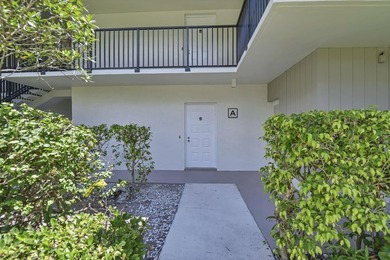 Welcome to this charming one-bedroom, one-bathroom condominium - photo 24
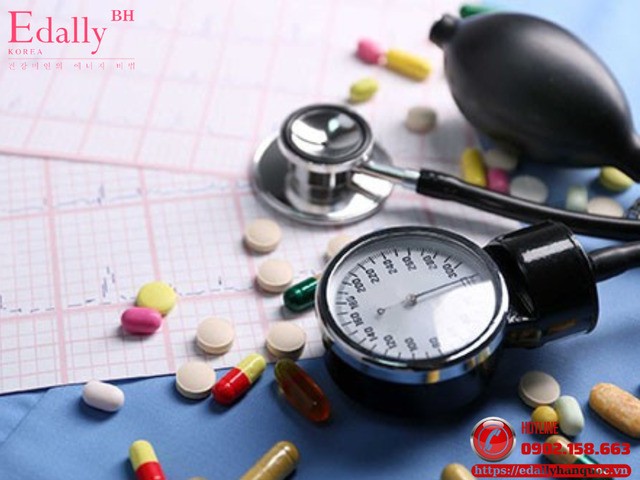 Cần làm gì khi lỡ quên uống thuốc huyết áp?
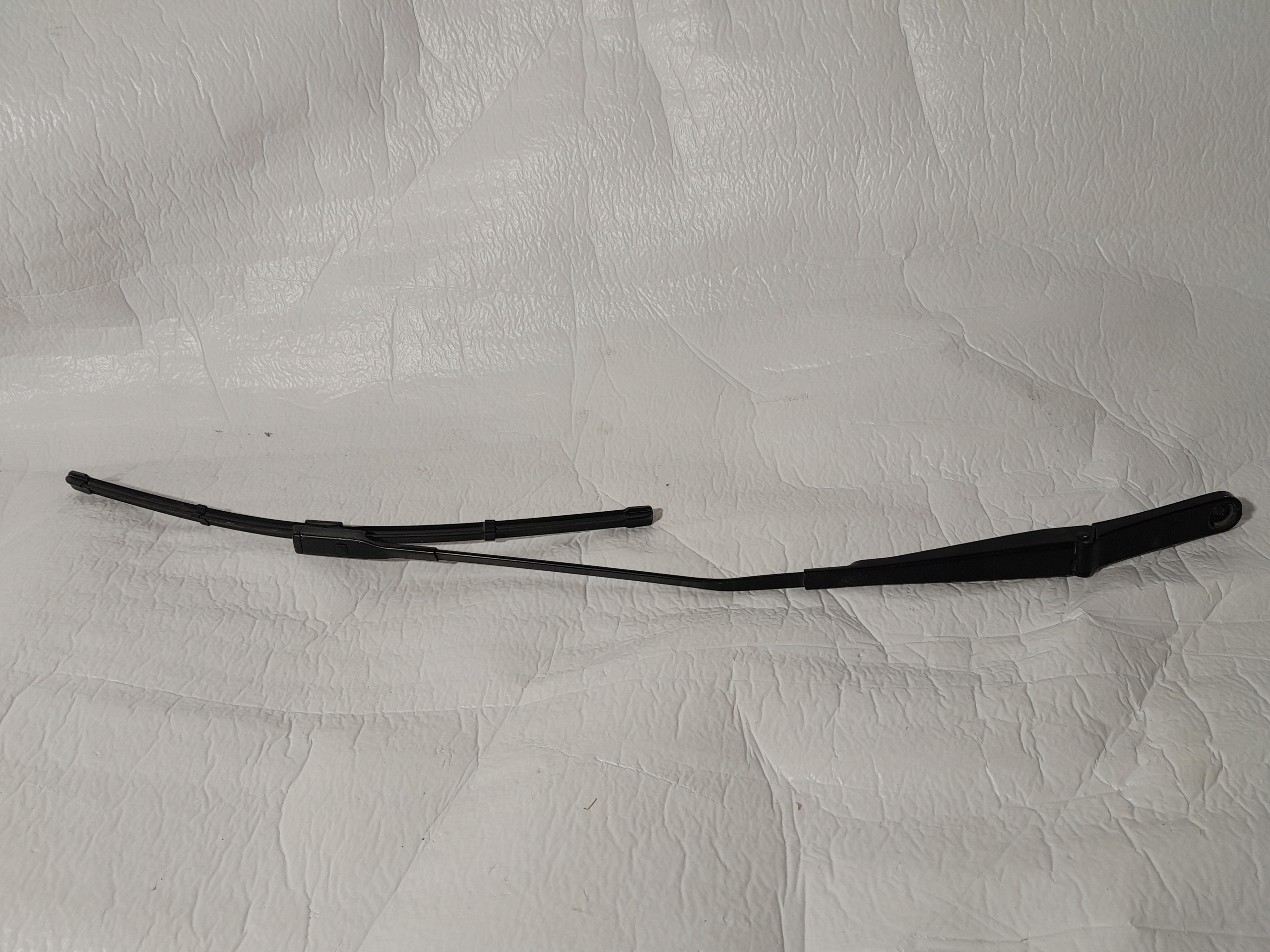 AUDI A4 B9 wiper arm right 8W1955408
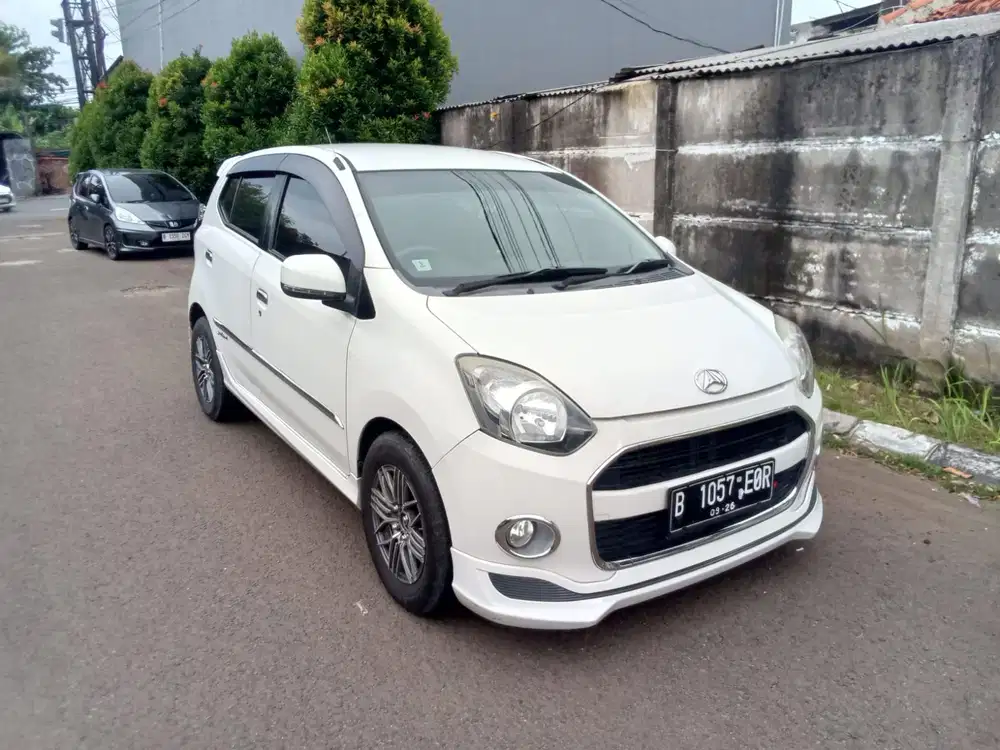 Ayla X elg Matic 2016 putih Macan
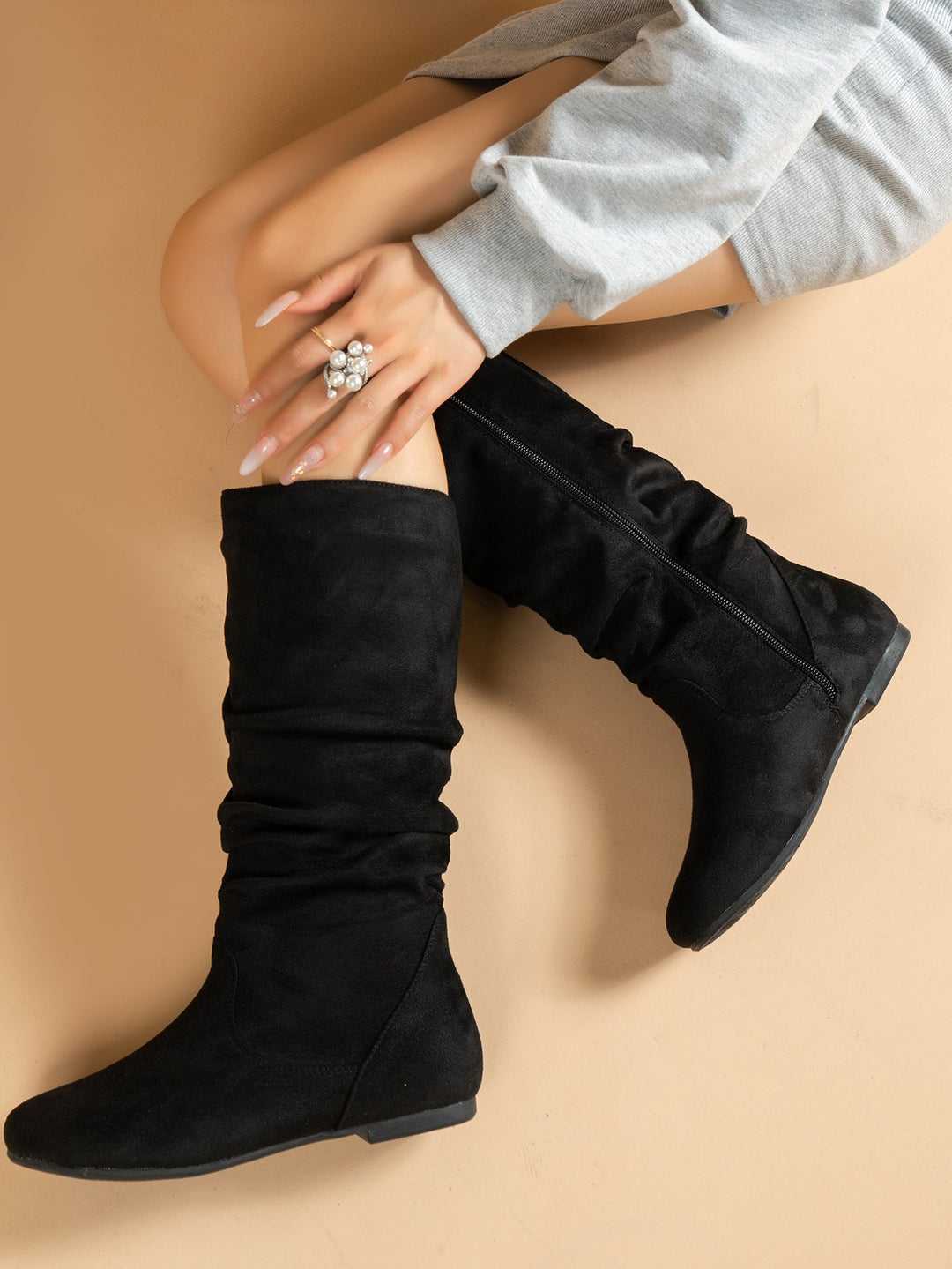 W&W Mode | Damen Stiefel Aus Wildleder Mit Seitlichem Reißverschluss, Wadenlang, Frühlingskollektion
----
* WHAT IS NEEDED
Every line above is to be given again exactly, apart from the pictures.

* EXERCISE RESPONSE
 Welcome to this charming one-bedroom, one-bathroom condominium - photo 24
 Cần làm gì khi lỡ quên uống thuốc huyết áp?
 AUDI A4 B9 wiper arm right 8W1955408
 Ayla X elg Matic 2016 putih Macan
 W&W Mode | Damen Stiefel Aus Wildleder Mit Seitlichem Reißverschluss, Wadenlang, Frühlingskollektion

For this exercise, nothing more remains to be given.